This example uses the default spaCy English model to perform named entity recognition.

In [3]:
import spacy
from spacy import displacy

spacy.prefer_gpu()
nlp = spacy.load("en_core_web_sm")

Now, spaCy is set up with a CPU-bound model that prioritizes efficiency over accuracy to help keep costs down. In theory, this could be deployed on host machines without any issues.



In [5]:

text = """Hello,

I want to make setup a yearly scholarship that provides a student with $40,000 if they are in Price Faculty of Engineering
as well as a $10,000 scholarship if they are in Computer Science. I would like to know if this is possible.

Thanks,

Bruce"""

# Process the text
doc = nlp(text)

displacy.render(doc, style="ent", jupyter=True)

# Extract entities
for ent in doc.ents:
    print(f"Entity: {ent.text}, Label: {ent.label_}")

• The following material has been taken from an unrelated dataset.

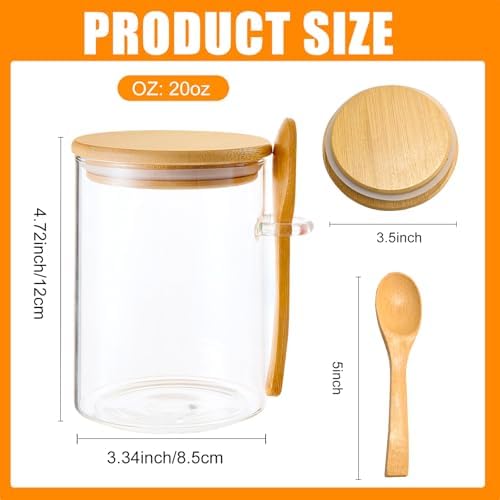 Overnight Oats Containers With Lids and Spoons, 2pack Glass Jars with Bamboo Lids, Leak-Proof Overnight Oats Jars for Cereal, Yogurt, Chia Pudding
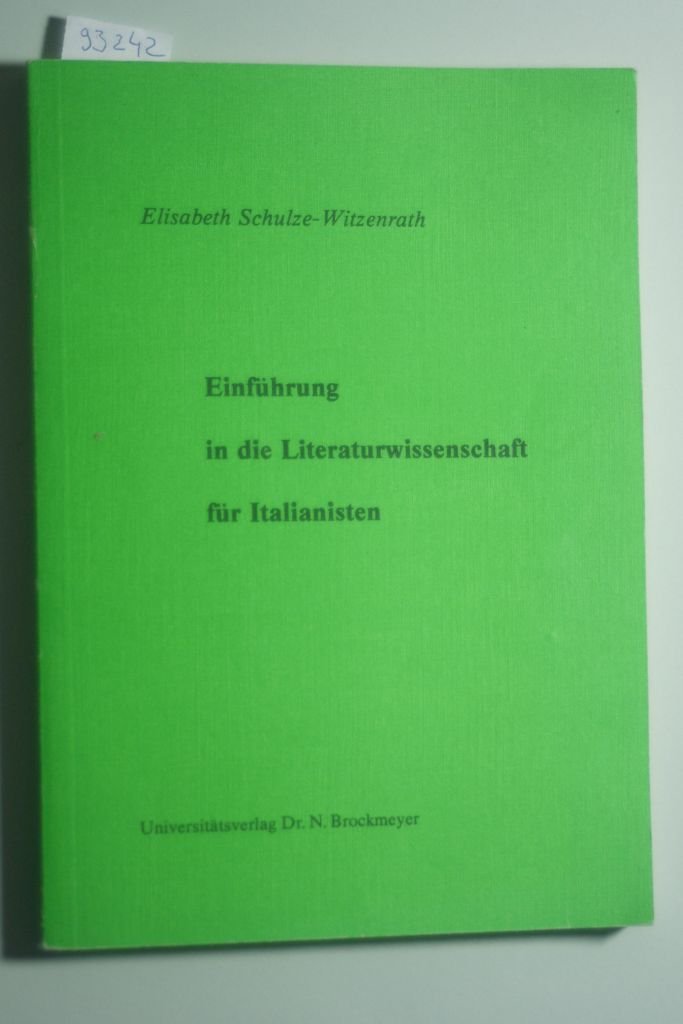 Einführung in die Literaturwissenschaft für Italianisten Books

Entity: 40,000, Label: MONEY
Entity: Price Faculty of Engineering, Label: ORG
Entity: 10,000, Label: MONEY
Entity: Bruce, Label: PERSON


Looking at the results out of the box, they are not ideal. The model can properly classify currency amounts, but it struggles to infer more context, such as allocations for scholarships or departments. Therefore, fine-tuning the models will be necessary to improve accuracy.